This article originally appeared in the Summer 2024 Champion Issue of Showstopper Magazine.
For the first time, the Olympic Games will feature dance as a sport. While the modern Olympic games (not to be confused with the classical games of Ancient Greece) have been held for over a century, dance hasn’t been on the list of official Olympic sports in all that time. At the Summer 2024 Olympic Games in Paris, dance, specifically breaking, will make its Olympic debut.
What is Breaking?
Breaking is a type of hip hop dance that emerged in the Bronx, New York City in the 1970s. It was originally a style of street dance that gained popularity at block parties. While dancers may learn breaking and other hip hop styles like popping, locking, and isolation in studios today, b-boys (break boys) and b-girls (break girls) learned their moves on their own or at dance battles.
Why Breaking?
Breaking has always been a form of competitive dance! While formalized competitions didn’t hit the dance world until the 1990s, dance battles are a staple of breaking culture. Dancers gather to show off their abilities to move, improvise to songs, and perform tricks against an opponent with a crowd watching. With more than 50 years behind the style and the massive growth of hip hop both in formal dance studios and on social media, breaking as a competitive style fit the Olympic Committee’s goal to reach a younger audience with the Paris 2024 Olympic Games.

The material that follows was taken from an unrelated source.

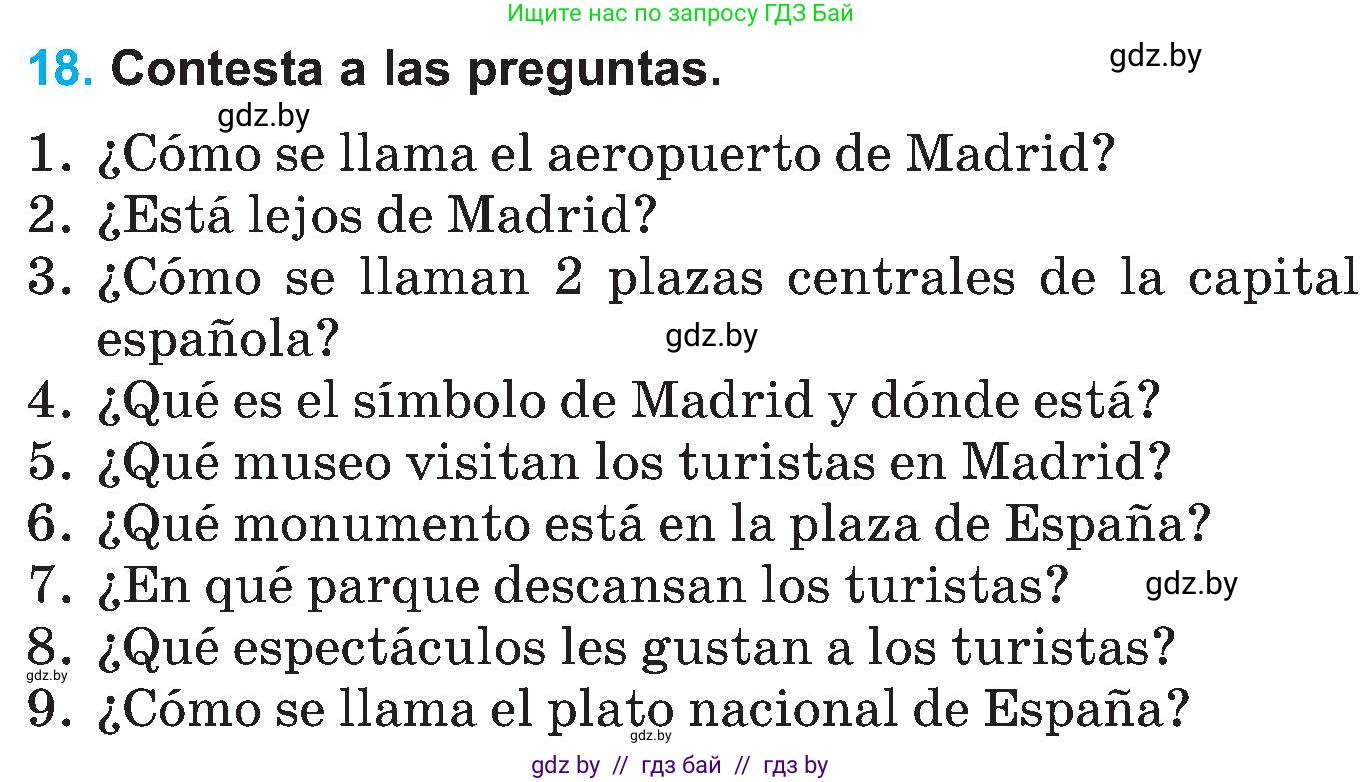 Испанский язык, 5 класс Учебник, автор: Гриневич Елена Карловна, издательство Вышэйшая школа, Минск, 2015, оранжевого цвета, Часть 1, страница 93, номер 18, Условие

What Does Olympic Breaking Look Like?
In most breaking competitions, dancers compete in one-on-one duels where they show their ability to perform specific breaking skills in a set amount of time. At the Paris 2024 Olympic Games, two events, men’s and women’s will be held where 16 dancers face-off. “Athletes will use a combination of power moves—including windmills, the 6-step, and freezes,” the Olympics’ official breaking pages states, “as they adopt their style and improvise to the beat of the DJ’s tracks in a bid to secure the judges’ vote and take home the Olympic breaking medals.”
How to Qualify
Since breaking was first featured as a sport at the Summer Youth Olympic Games in Buenos Aires in 2018, talented dancers around the world have been gearing up for the Paris debut. To qualify for the Games, dancers must qualify at one of three events, the WDSF World Championship in Belgium (September 2023), the Continental Qualifiers—Africa (May 2023), Europe (June/July 2023), Asia (September/October 2023), The Americas (October/November 2023), and Oceania (October 2023)—or the Olympic Qualifier Series in Shanghai and Budapest (May/June 2024).
What Makes a Champion Breaker?
It’s not enough to have the moves. It’s what you do with them. According to NBC Olympics, the competition will take place in sections, first a round-robin then quarterfinals, semifinals, and final battles for the bronze, silver, and gold medals. “Each battle features a best-of-three one-on-one contest of approximately one minute. When one breaker finishes their round, their opponent instantly begins their routine in a battle format.”
These rapid battles are judged on five criteria: technique, vocabulary, execution, musicality, and originality.
Technique… Just like any style of dance, there are correct ways to perform clean and controlled moves. Does a dancer have that control?
Vocabulary… Can the breaker perform a variety of “top rock” or standing moves and “down rock” or floor moves and freezes?
Execution… Related to technique, but scored separately, execution evaluates how clean and distinct each move is.
Musicality… In a freestyle competition, matching the beat and energy of a song is essential!
Originality… A breaker doesn’t just need to dance. They need to show who they are and their unique breaking style.
Meet Sunny Choi
One half of the Team USA breaking due is b-girl Sun “Sunny” Choi. Sunny trained in gymnastics from the age of 3 until she started college at the University of Pennsylvania. During her freshman year, she happened to meet the Penn breaking club, Freaks of the Beat, and on an impulse, decided to try breaking.
After she graduated, Sunny didn’t stop, and she wasn’t just breaking for fun. She started competing internationally, but despite being one of the top breakers in the United States, Sunny didn’t think she was bound for the Olympics. However, at the Pan American Games in Santiago, Chile in November 2023, Sunny won the gold and secured her spot in the Paris 2024 Olympic Games.
While breaking has already been replaced by flag football in the Los Angeles 2028 Olympic Games, Sunny thinks people will see its value as an Olympic sport once this year’s events start. “You feel the excitement, you feel the happiness or the anger or whatever emotion that the dancer is expressing in that moment,” she said of breaking in an interview with Time. “It’s so visceral and raw. I don’t think you get that anywhere else.”